8 replies
January 2022

Ceber

This public data file is indeed very useful. I would like to use the API to get the metadata records that are not included in the public data file and avoid duplicates. I guess I should pull those that are registered after “January, 7, 2021”, according to this post description? And which date field should I use? (e.g. indexed, created, deposited)

January 2022

ppolischuk

For incremental updates we recommend using the from-index-date filter. The timestamp that from-index-date filters on is guaranteed to be updated every time there is a change to metadata requiring a reindex. This way you’ll pick up updated records in addition to new records.

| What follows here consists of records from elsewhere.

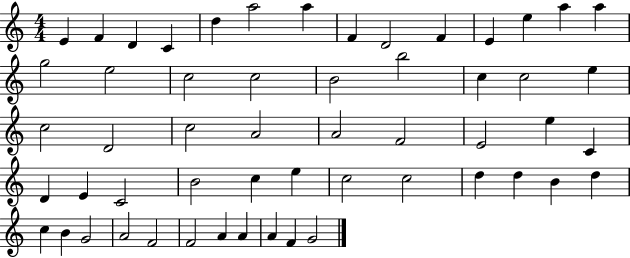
{
  \clef treble
  \numericTimeSignature
  \time 4/4
  \key c \major
  e'4 f'4 d'4 c'4 | d''4 a''2 a''4 | f'4 d'2 f'4 | e'4 e''4 a''4 a''4 | \break g''2 e''2 | c''2 c''2 | b'2 b''2 | c''4 c''2 e''4 | \break c''2 d'2 | c''2 a'2 | a'2 f'2 | e'2 e''4 c'4 | \break d'4 e'4 c'2 | b'2 c''4 e''4 | c''2 c''2 | d''4 d''4 b'4 d''4 | \break c''4 b'4 g'2 | a'2 f'2 | f'2 a'4 a'4 | a'4 f'4 g'2 | \break \bar "|."
}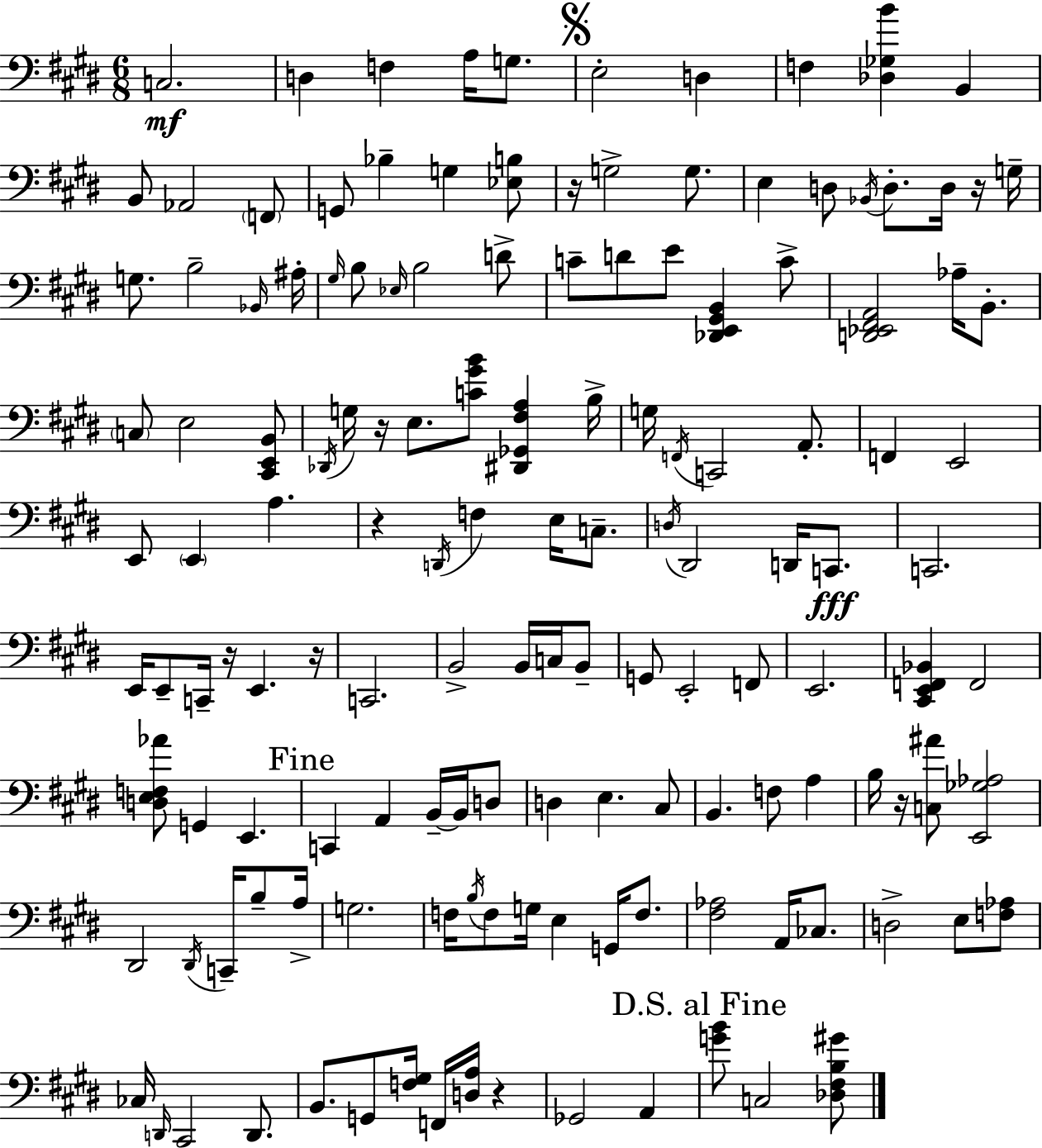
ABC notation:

X:1
T:Untitled
M:6/8
L:1/4
K:E
C,2 D, F, A,/4 G,/2 E,2 D, F, [_D,_G,B] B,, B,,/2 _A,,2 F,,/2 G,,/2 _B, G, [_E,B,]/2 z/4 G,2 G,/2 E, D,/2 _B,,/4 D,/2 D,/4 z/4 G,/4 G,/2 B,2 _B,,/4 ^A,/4 ^G,/4 B,/2 _E,/4 B,2 D/2 C/2 D/2 E/2 [_D,,E,,^G,,B,,] C/2 [D,,_E,,^F,,A,,]2 _A,/4 B,,/2 C,/2 E,2 [^C,,E,,B,,]/2 _D,,/4 G,/4 z/4 E,/2 [C^GB]/2 [^D,,_G,,^F,A,] B,/4 G,/4 F,,/4 C,,2 A,,/2 F,, E,,2 E,,/2 E,, A, z D,,/4 F, E,/4 C,/2 D,/4 ^D,,2 D,,/4 C,,/2 C,,2 E,,/4 E,,/2 C,,/4 z/4 E,, z/4 C,,2 B,,2 B,,/4 C,/4 B,,/2 G,,/2 E,,2 F,,/2 E,,2 [^C,,E,,F,,_B,,] F,,2 [D,E,F,_A]/2 G,, E,, C,, A,, B,,/4 B,,/4 D,/2 D, E, ^C,/2 B,, F,/2 A, B,/4 z/4 [C,^A]/2 [E,,_G,_A,]2 ^D,,2 ^D,,/4 C,,/4 B,/2 A,/4 G,2 F,/4 B,/4 F,/2 G,/4 E, G,,/4 F,/2 [^F,_A,]2 A,,/4 _C,/2 D,2 E,/2 [F,_A,]/2 _C,/4 D,,/4 ^C,,2 D,,/2 B,,/2 G,,/2 [F,^G,]/4 F,,/4 [D,A,]/4 z _G,,2 A,, [GB]/2 C,2 [_D,^F,B,^G]/2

I’m glad to hear you find the public data file useful! We’re preparing the 2022 public data file for release soon.

2 replies
January 2022 ▶ ppolischuk

Ceber

Thanks for the reply, it is all clear now.
One last question regarding the dates. If I look for a DOI with the search engine in XML format, for instance, DOI 10.1039/d0se01062f, I can see a publication_date field (29 September 2020). However, in the public data file, the JSON for that DOI includes several date fields like indexed, created, published-online, issued, deposited. Some of them like issued or published-online have only the year part. What is the field in the public data file JSON that should correspond to the publication date?

February 2022

AaronNGray

Hi, How do I import the crossref data dump of *.json.gz ?
Do I import it into ElasticSearch and if so how, please ?

March 2022 ▶ ppolischuk

Jens

Thank you for creating and offering this huge amount of valuable data as a downloadable set of files. Is there an update on the release date for the 2022 public data file?

March 2022

ppolischuk

Hi Jens,

We’re close. Expect an update in the next few days. We’re planning to perform a reindex to finish up a few fixes and enhancements, after which we’ll generate and publish the 2022 public date file.

May 2022

ppolischuk

The 2022 public data file is now live. Please see the blog post announcement: 2022 public data file of more than 134 million metadata records now available - Crossref

1 reply
December 2022 ▶ ppolischuk

Garry

hello I need help reading the .json.gz file from the torrents using python. Also when I try to unzip the .gz file it says it’s corrupted. Why is this?